Project Jupyter is a non profit organisation created to provide services for interactive computing across dozens of programming languages. Project Jupyter is most known for their Jupyter Notebooks but develops and supports several computing products, such as JupyterHub and JupyterLab.
JupyterCon is the official Jupyter conference organised by Project Jupyter, O’Reilly Media and the NumFOCUS foundation. JupyterCon 2018 took place in New York City on the 22th-24th of August at the Hilton hotel Midtown. I was fortunate to be amongst a list of selected PhD students, from different universities and disciplines, to have to been awarded a scholarship to travel all the way to New York and attend JupyterCon 2018.
The event was divided in a day of tutorials followed by a two days of the main conference. A diverse list of speakers were selected to provide their insights in their respective fields in enterprise, research and education. This was my first Jupyter conference and in this blog post I would like to share some of the things that I particularly enjoyed about the conference!
Keynotes
As many other conferences JupyterCon would start the day with a series of keynotes. What made the keynotes different was that they were designed to last 10-15 min. This is my first conference where the keynotes have been under 45 min and I can say that I was positively surprised! We had the opportunity to listen to keynotes from 14 different speakers and all had some fascinating stories to share with us. These included talks delivered by Carol Willing, Mark Hansen, Paco Nathan the co-chair of JupyterCon and Fernando Pérez the founder of Project Jupyter.
Diversity
Jupyter is an umbrella,an umbrella that covers enterprise, research and education. JupyterCon does not only seem aware of this but it embraced it with a schedule that assured that there were tutorials and sessions to cover everyone’s interest! The event’s schedule is published on the event’s website (schedule).
Educational Track
I spend most of my time in the educational track where I had the opportunity to listen and learn how accomplished educators make use of Jupyter Project to teach in new and interactive ways. The track included the “The future of Jupyter ineducation” panel (lineup: Carol Willing, Natalia Clementi, James Colliander, Allen Downey, Jason Moore and Danny Caballero), which discussed the future of Jupyter in teaching and learning. There was also a “Jupyter in education discussion group” where my group discussed best practices in education.
Talks + Tutorials
On the first day I attended a tutorial on “Preparing your Jupyter notebook for computationally reproducible publication: A hands-on BYONotebook tutorial for researchers” by April Clyburne-Sherin. April specifically spoke about how this can be achieved using a cloud-based computational reproducibility platform called: Code Ocean. April allowed us to hold a conversation as a group. She managed to not lose a single person throughout her tutorial and her colleagues were there to provide some technical intuition and support.
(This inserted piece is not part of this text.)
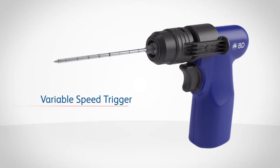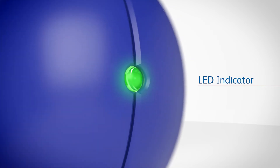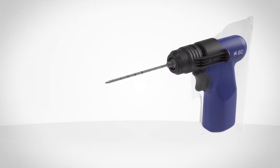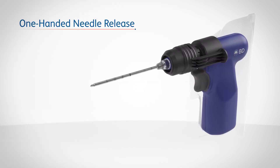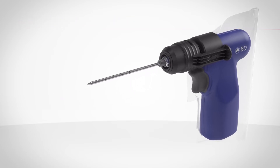The BD TREK power driver has a variable speed trigger, an LED reference indicating drill speed and battery level, and a one-handed needle release — bringing you the latest advancement from BD in bone biopsy technology.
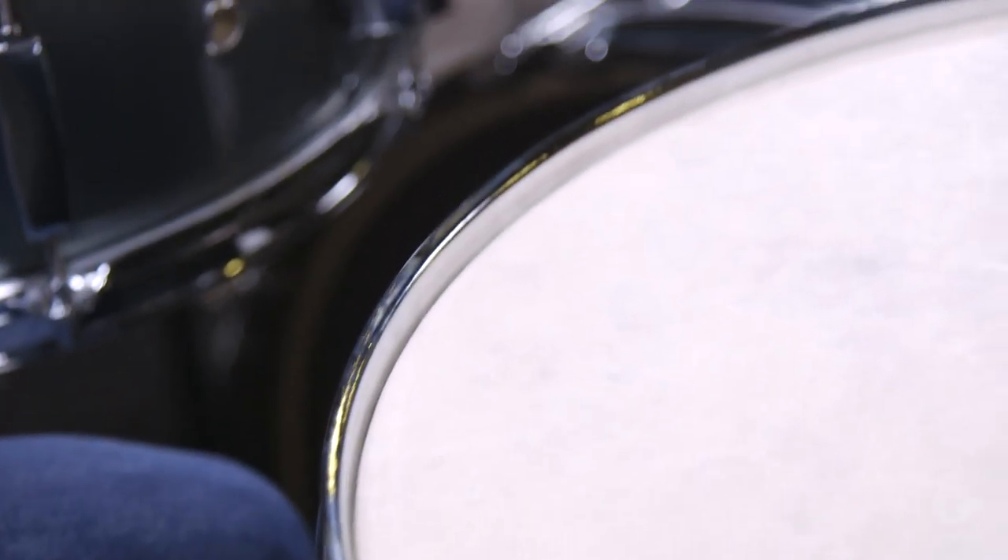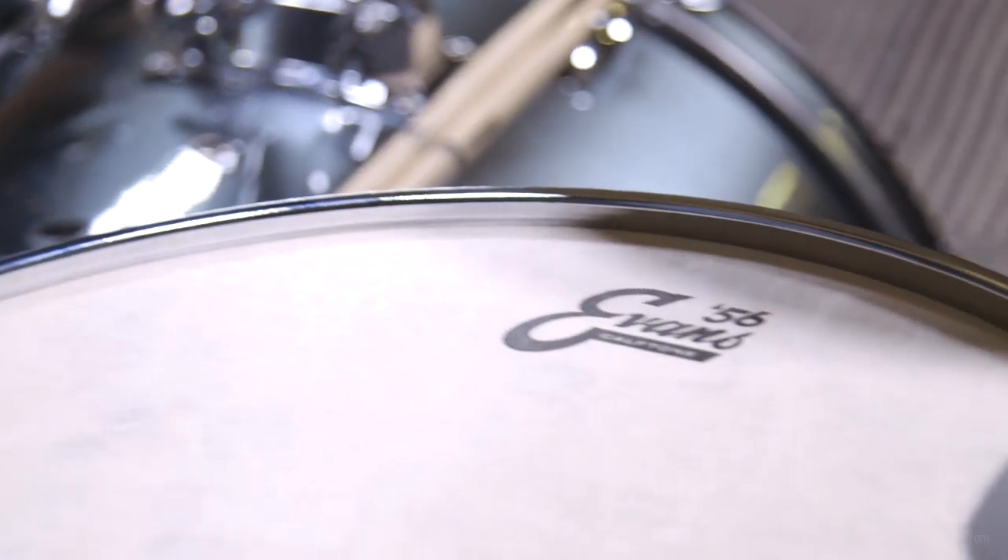Caftone drumheads are available in all drum sizes, and are also available for bass drum. Thank you for joining me to learn about Evans Caftone Drumheads, a D'Addario innovation.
Some of the talks that I found particularly interesting were “I don’t like notebooks” by Joel Grus who very rationally pointed out some disadvantages of Jupyter Notebooks and why they do not fit his workflow and “Scheduled notebooks: A means for manageable and traceable code execution” delivered by Matthew Seal. Matthew spoke about how they are used at Netflix.
Netflix was not the only industrial sponsor present to provide insights into their work: here is a list of sponsors.
Note that some the talks have been recorded and can be found on O’Reilly’s youtube account: https://www.youtube.com/playlist?list=PL055Epbe6d5b572IRmYAHkUgcq3y6K3Ae.
All in all, JuyterCon is a great conference that is not afraid to embrace all the communities under its reach. One of the things proved to me by the conference is that the community is aware of some issues, mainly on the side of reproducibility and best practices. However, during the three days of the event there was a constant open discussion amongst the attendees and the Project team, that I am sure that is something they aim to improve upon and they already have, for example with the release of JupyterLab.
I am very much looking forward to JupyterCon 2019 and I would love to attend again. There is so much room to learn but also to present several of the ideas that my research group follows that I believe would be a beneficial addition! I would also be very happy to see some lighting talks at next year’s conference (but that is more of a selfish request).